Exercise aim:
A verbatim copy is needed of the lines below from the one containing "A couple facing" up to and including the one containing "Młodszy aspirant Karol", excluding pictures.

Data shown:
--- START ---

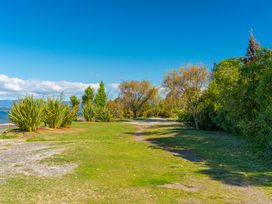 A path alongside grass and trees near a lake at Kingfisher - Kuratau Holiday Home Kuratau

--- END ---
--- START ---

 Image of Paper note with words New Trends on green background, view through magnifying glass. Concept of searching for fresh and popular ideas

--- END ---
--- START ---

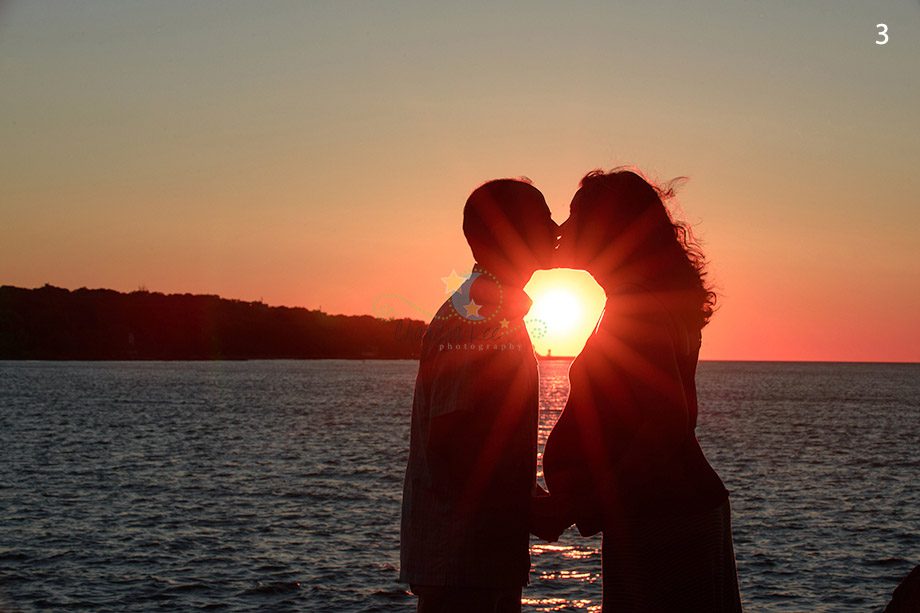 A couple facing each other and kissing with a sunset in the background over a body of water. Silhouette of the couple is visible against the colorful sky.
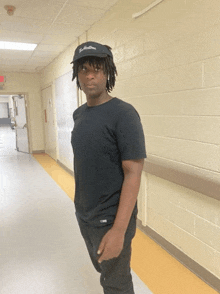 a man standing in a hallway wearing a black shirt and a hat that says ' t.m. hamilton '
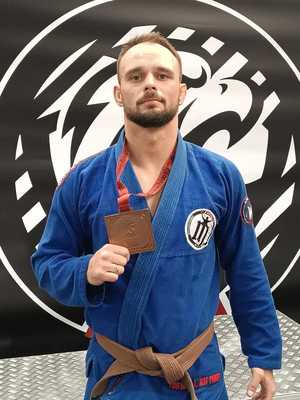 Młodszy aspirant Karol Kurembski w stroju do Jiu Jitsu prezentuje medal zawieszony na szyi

--- END ---

Output:
 A couple facing each other and kissing with a sunset in the background over a body of water. Silhouette of the couple is visible against the colorful sky.
 a man standing in a hallway wearing a black shirt and a hat that says ' t.m. hamilton '
 Młodszy aspirant Karol Kurembski w stroju do Jiu Jitsu prezentuje medal zawieszony na szyi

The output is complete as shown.